Ce lien qui permet de dissuader l'auteur d'infractions de recommencer... Sans ce lien, le sentiment très fort d'impunité
qui en découle ne peut qu'augmenter le risque de récidive.
Or, le problème du délai abusif entre un jugement et son exécution ne se pose pas qu'au pénal : combien de
conflits douloureux le sont d'autant plus que les décisions tardent tant et plus à être mises à exécution ? A
force d'attendre, les gens y croient de moins en moins. L'inertie du système les fait abandonner. L'exécution
espérée, en définitive, n'arrive jamais ou très partiellement... La justice civile est pourtant
un pilier fondamental de l'institution judiciaire puisqu'elle est censée résoudre les conflits par la loi
républicaine plutôt que par celle du plus fort ou du plus lâche. Mais si la résolution, finalement, n'intervient
pas, que reste-t-il aux personnes flouées — à ces «honnêtes gens» qui ont
accepté de jouer le jeu d'un Etat de droit qui s'avère cruellement défaillant — à part remâcher l'injustice qui
leur a été faite et rêver de se faire justice elles-mêmes ?
De fait, l'absence
d'une justice civile effective ne peut que générer à terme une recrudescence des infractions, notamment des
atteintes aux personnes ; et l'absence d'une justice pénale effective ne peut qu'amplifier
encore ce phénomène. Toute la faiblesse de notre système judiciaire actuel, tant dans sa sphère civile que
pénale, converge donc vers une même conséquence dramatique : l'augmentation inévitable de la délinquance qui,
elle, est assurément effective...
Dans ce type de configuration, l'action préventive de la Justice se voit ainsi réduite à néant. C'est-à-dire que ne
pas juger ou juger sans qu'une application rapide n'intervienne, cela revient au même en matière
d'injustice, est-on obligé de dire. Le deuxième cas de figure, dans sa globalité, est même pire : non
seulement il n'améliore rien sur le plan de la sécurité, mais en plus il coûte ! Et décrédibilise profondément
l'institution judiciaire. C'est comme commencer un projet et l'arrêter en cours de route. C'est un investissement
perdu. De l'énergie gâché. De l'argent jeté par les fenêtres...

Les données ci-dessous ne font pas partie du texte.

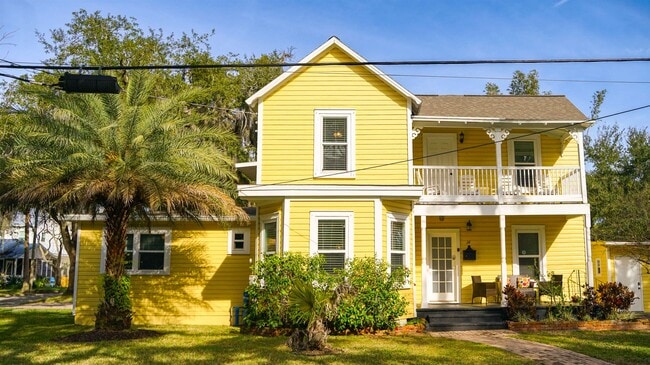 Building Photo - 14 Sanchez Ave Unit B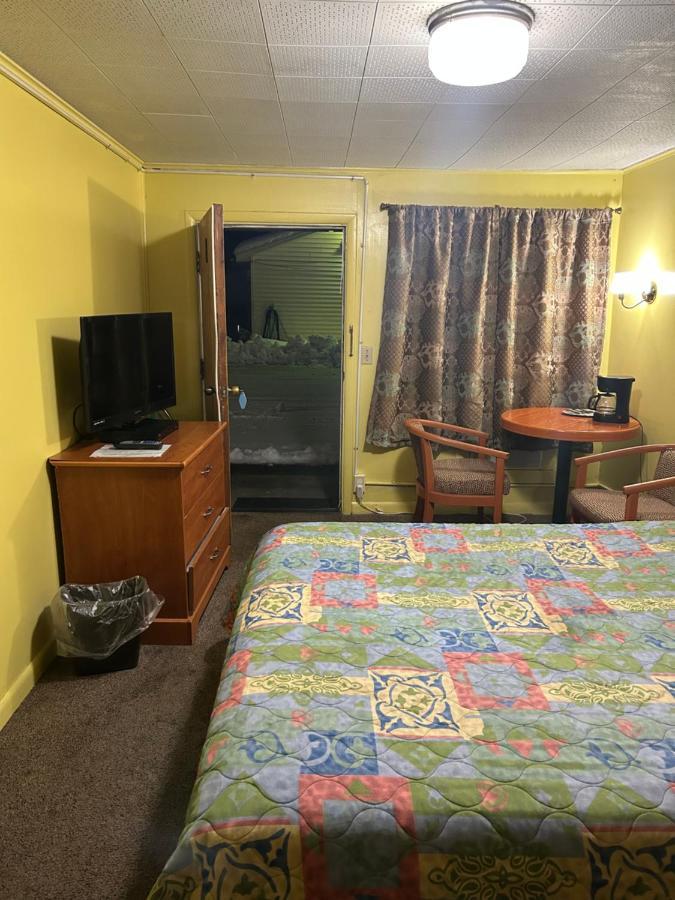 Budget Inn Motel Chemult Exterior photo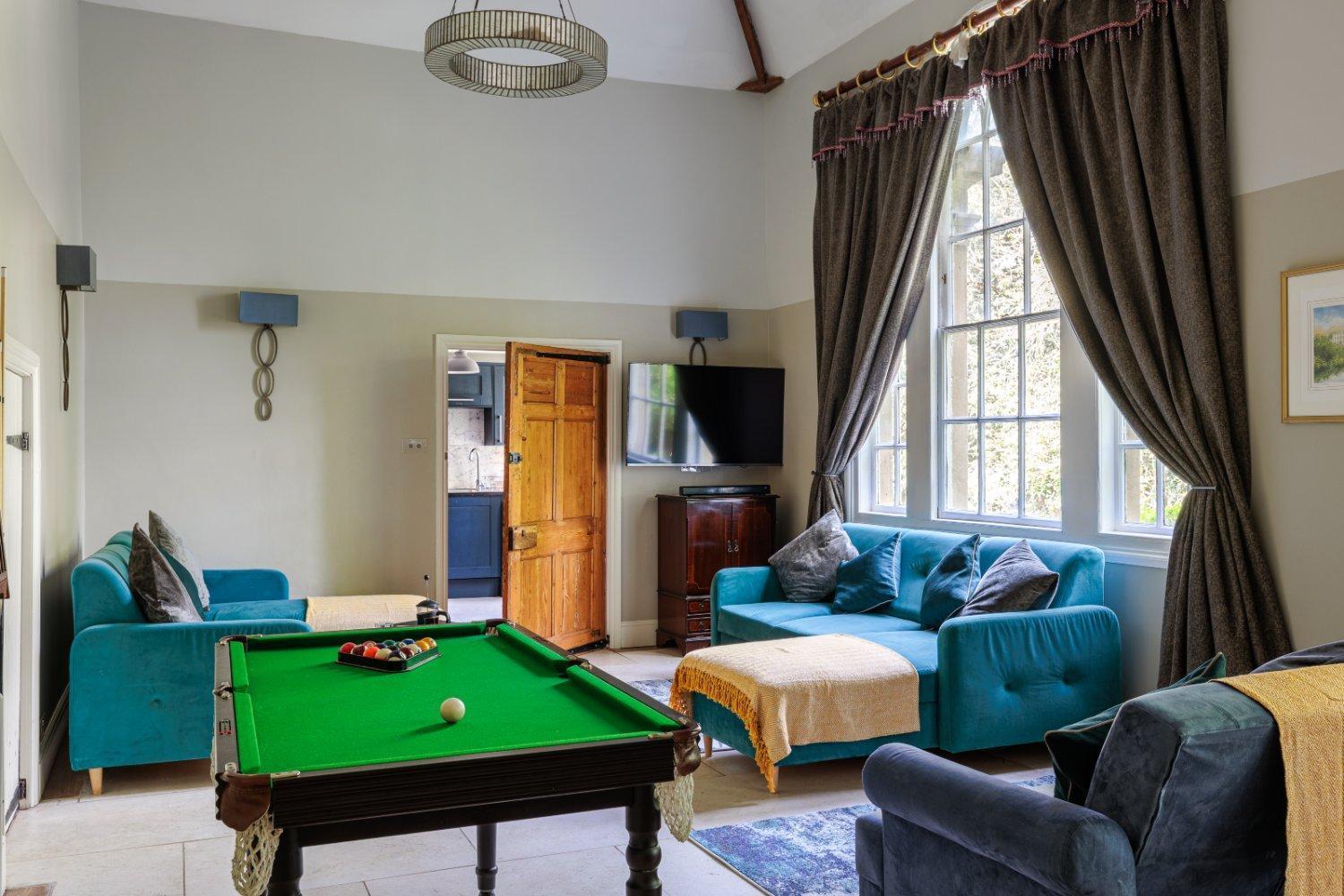 The Old School Rooms Beautiful Georgian Apartment, Sleeps 12 With Wifi And Parking, Near Bath Box (Wiltshire) Exterior foto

En somme, il nous faudrait enfin accepter de hiérarchiser trois types de situation possibles, de la meilleure
à la moins bonne :
1) juger les situations ou les personnes et faire exécuter les jugements ;
2) ne pas juger ;
3) juger les situations ou les personnes et ne pas faire exécuter les jugements.
En effet, il vaudrait encore
mieux ne pas juger plutôt que de juger de manière fictive, pour les raisons indiquées ci-dessus. Or, nous baignons
actuellement — pas tout le temps, heureusement ! mais en grande partie tout de même... — dans le troisième
type de situation. Le pire. En matière pénale notamment, il serait temps de remettre en cause les récentes dispositions
visant à profiter systématiquement à l'auteur de délits ou crimes au détriment de la plus élémentaire justice pour les
victimes, de la plus élémentaire rentabilité de l'argent public, et de toute prévention basée sur la dissuasion.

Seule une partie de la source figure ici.